━━ Recorded information

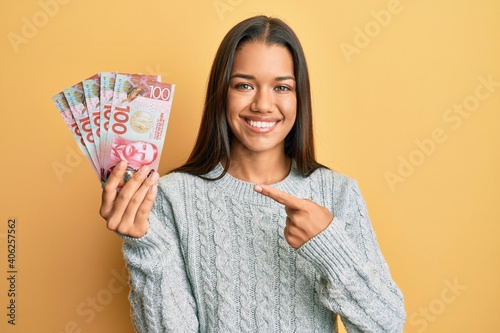 Beautiful hispanic woman holding 100 new zealand dollars banknote smiling happy pointing with hand and finger
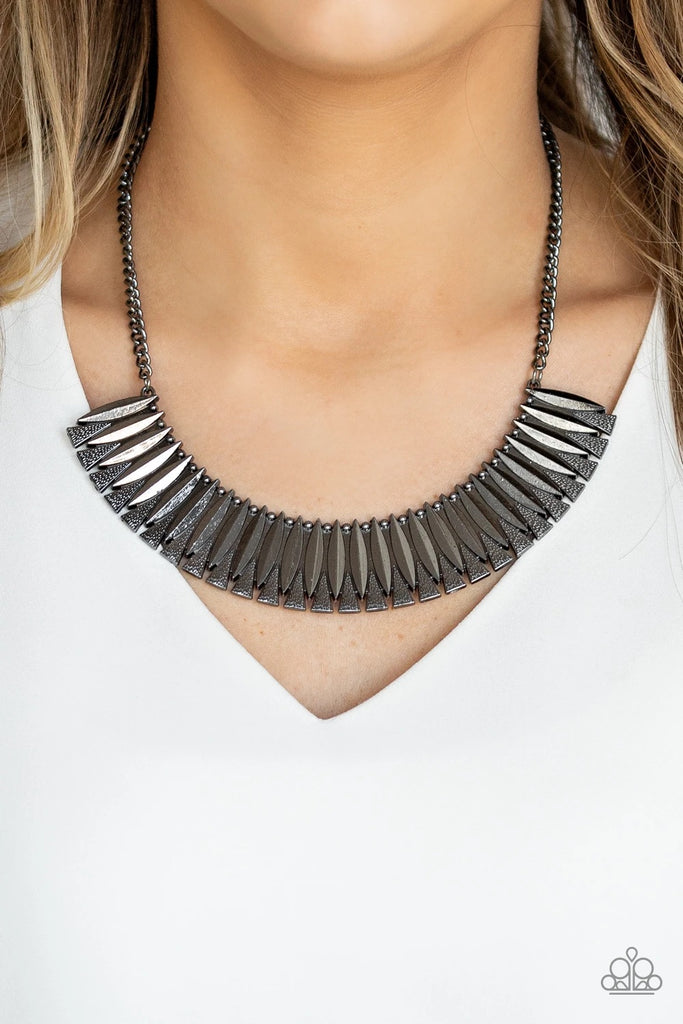 Infused with dainty gunmetal studs, sleek geometric gunmetal plates connect with hammered gunmetal triangles, creating a fierce half-moon plate below the collar. Features an adjustable clasp closure.  Sold as one individual necklace. Includes one pair of matching earrings.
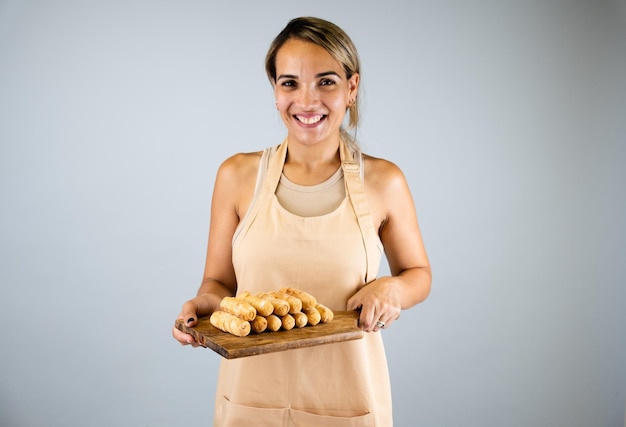 Ragazza latina che tiene una tavola di legno con tequenos appena cucinato cibo tipico venezuelano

━━━━

• **Task to carry out**:
Pictures aside, print every line of the material exactly.

• **Final answer**:
 Beautiful hispanic woman holding 100 new zealand dollars banknote smiling happy pointing with hand and finger
 Infused with dainty gunmetal studs, sleek geometric gunmetal plates connect with hammered gunmetal triangles, creating a fierce half-moon plate below the collar. Features an adjustable clasp closure.  Sold as one individual necklace. Includes one pair of matching earrings.
 Ragazza latina che tiene una tavola di legno con tequenos appena cucinato cibo tipico venezuelano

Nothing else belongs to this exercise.